Entre atos e quadros na galeria


01
Vou quadricular o vento pra ele se balançar na sua saia de formas geométricas. Vou enganar o tempo pra fazer um quadro cronológico da nossa história tétrica. Vou me (re)compor em poemas sem rima ou métrica. Vou te transformar em metáfora, em sopro de vento, em cartilha poética. Vou aprender a ler em você.

02
Leio seus sorrisos como quem admira o próprio reflexo no espelho. Leio de todos os lados (os quatro!), do alto de um cubo sem razão de ser.

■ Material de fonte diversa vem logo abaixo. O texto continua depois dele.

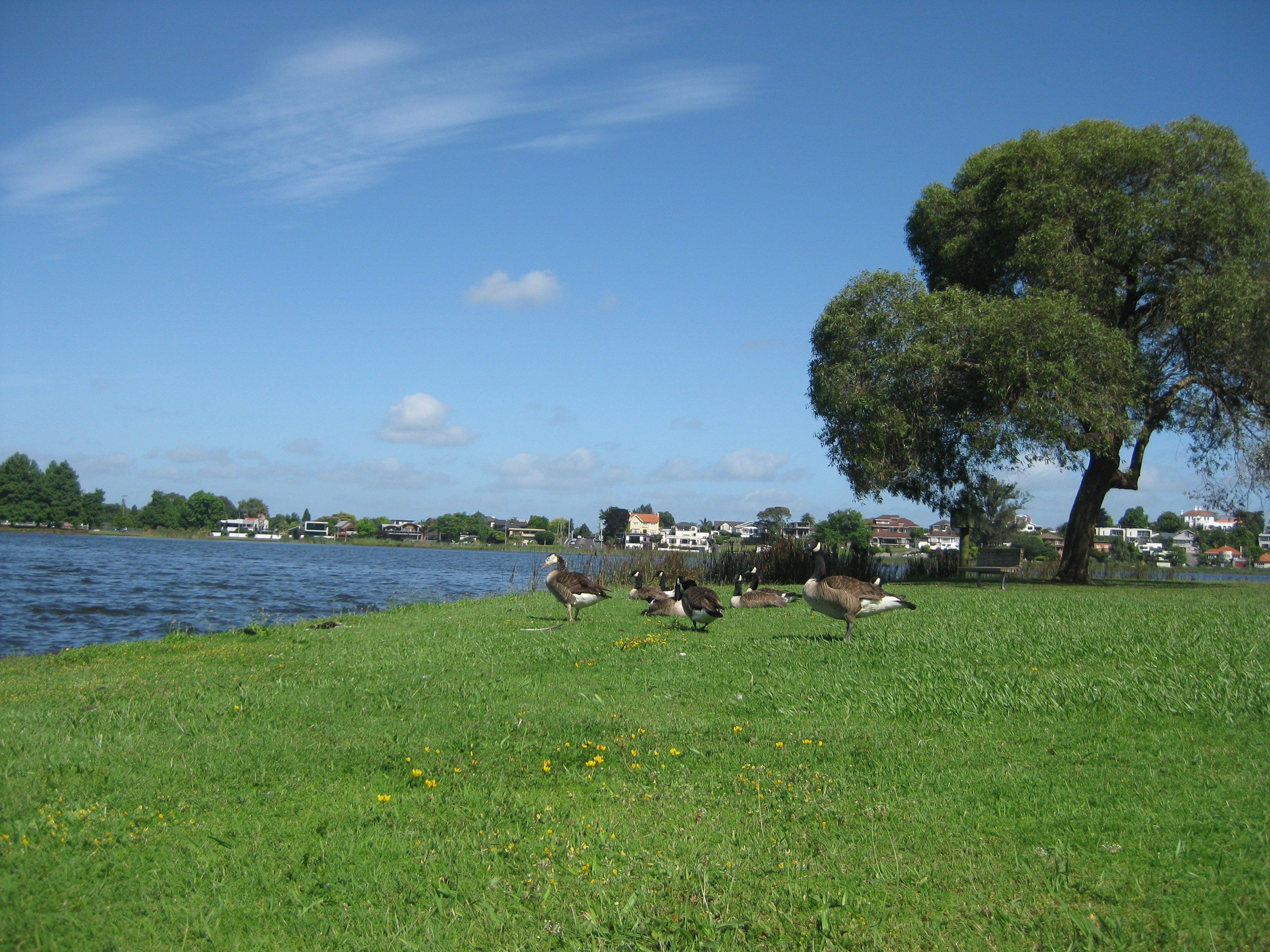 Photo by baulkhamhills1000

O esquadro pesa na mão como pluma a medida que traço o ângulo entre o seu olhar e o meu. É difícil e eu desisto. Colo sua testa na minha e inclino um pouco a cabeça. Seu rosto subitamente assume a forma de uma pintura de Picasso. Te olho de cima a baixo, a procura de um espaço pra eu me enquadrar em você. "Vou te pintar", prometo num sussurro doce e você sorri pra mim. Enquadro seu sorriso na memória.

03
Foi tentando esquadrinhar o tempo que encontrei aquele velho quadro. Nele, seu sorriso em aquarela não passava de um quadrado branco. Merecia um réquiem, merecia qualquer coisa que eu não podia dar - uma resposta. Mas em resposta só consegui fazer o pincel chorar de um jeito maluco e inconsequente. E foi assim que te desfiz... Onde havia a curvatura invisível da boca contraída, sobrou a desfiguração dos seus dentes, da sua língua, da sua saliva. Os mesmos dentes que marcaram meu pescoço. A mesma língua que, qual cobra astuta, serpenteava. A mesma saliva que ainda habita minha boca.

Era tudo, portanto, muito anatômico e pouco realista. Onde estava o seu sorriso? Assassinado brutalmente com golpes de pincel. Sem piedade, sem caridade, sem a vaidade de vê-lo se abrir de novo. Era branco e o fiz vermelho-sangue. Era branco e o fiz cinzento e visceral. Era branco e o fiz qualquer coisa que não branco. Era brando. E as lágrimas coloridas do pincel expandiram-no pelo seu rosto, pelo seu pescoço, pelos seus cabelos... Era brando, mesmo que tivesse se vestido de arco-íris para morrer.